:: GIVEN MATERIAL

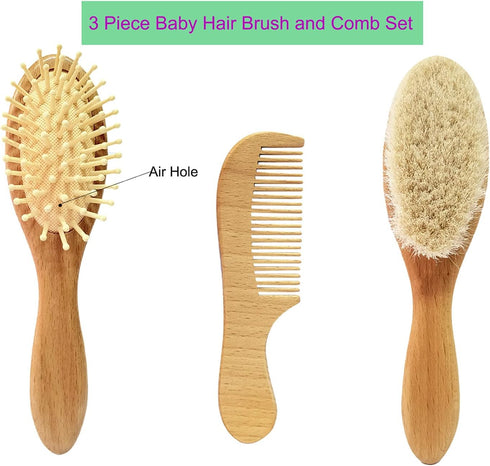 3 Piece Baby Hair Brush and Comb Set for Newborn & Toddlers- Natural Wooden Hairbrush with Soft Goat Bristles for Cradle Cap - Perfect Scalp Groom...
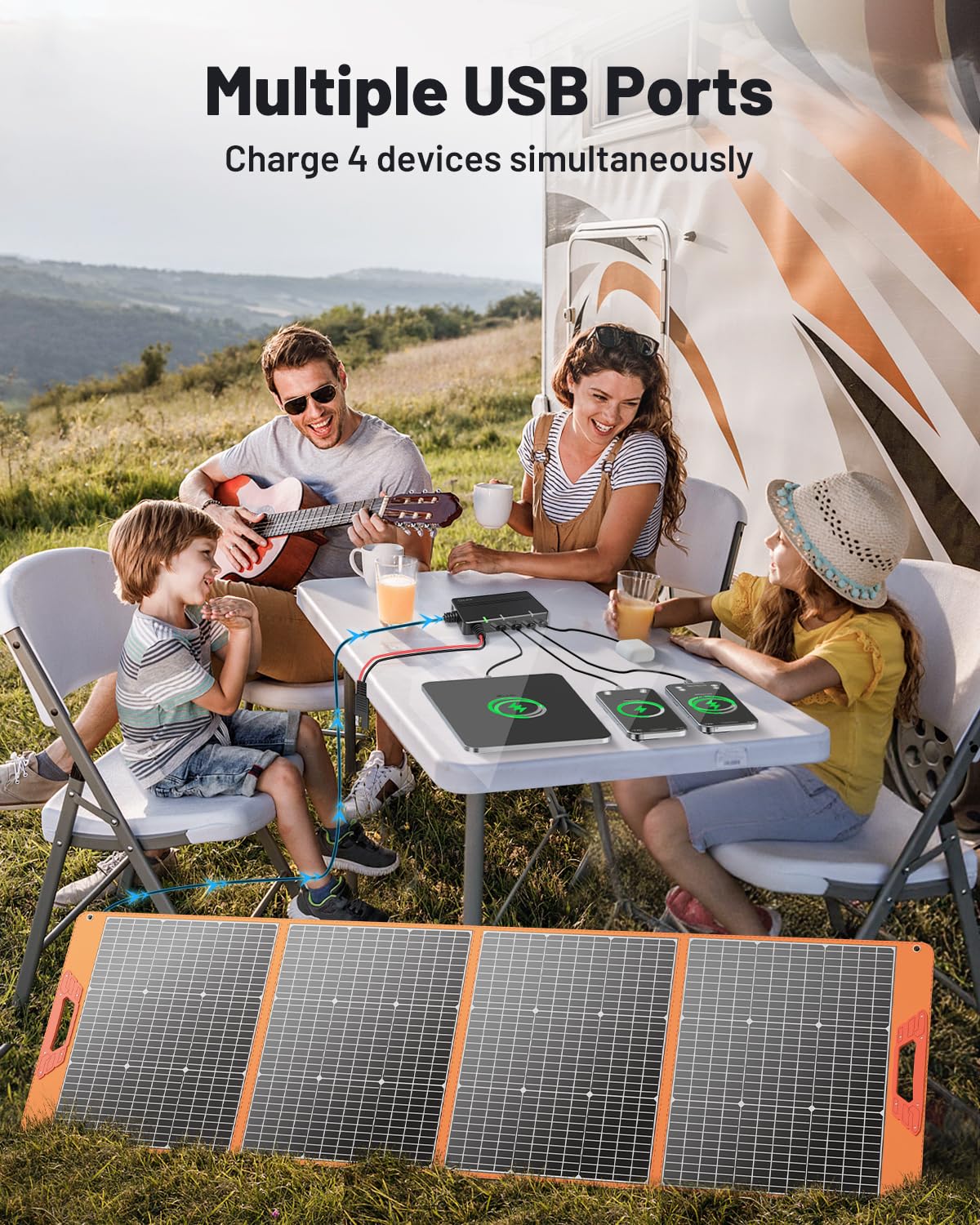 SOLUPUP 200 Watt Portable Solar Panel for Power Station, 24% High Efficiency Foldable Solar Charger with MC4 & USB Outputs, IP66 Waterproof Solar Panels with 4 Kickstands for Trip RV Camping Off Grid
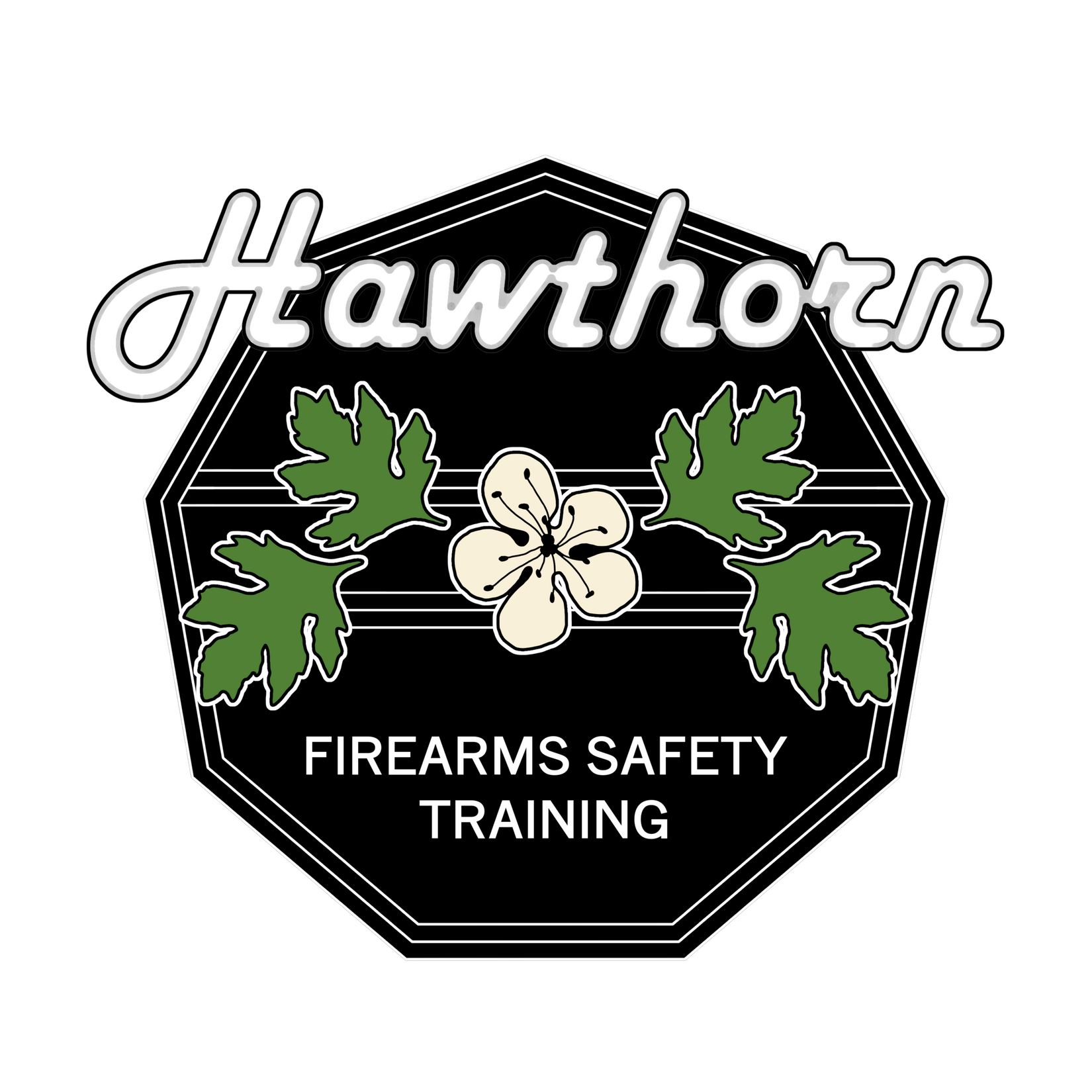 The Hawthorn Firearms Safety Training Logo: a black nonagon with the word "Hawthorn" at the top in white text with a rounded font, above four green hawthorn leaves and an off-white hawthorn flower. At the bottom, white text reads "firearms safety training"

::::

• _ACTIVITY_: Please restate the material above line by line, exactly, beginning at its first line and ending with the line that contains "SOLUPUP 200 Watt", without any pictures.

• _RESULT OF THIS EXERCISE_:
 3 Piece Baby Hair Brush and Comb Set for Newborn & Toddlers- Natural Wooden Hairbrush with Soft Goat Bristles for Cradle Cap - Perfect Scalp Groom...
 SOLUPUP 200 Watt Portable Solar Panel for Power Station, 24% High Efficiency Foldable Solar Charger with MC4 & USB Outputs, IP66 Waterproof Solar Panels with 4 Kickstands for Trip RV Camping Off Grid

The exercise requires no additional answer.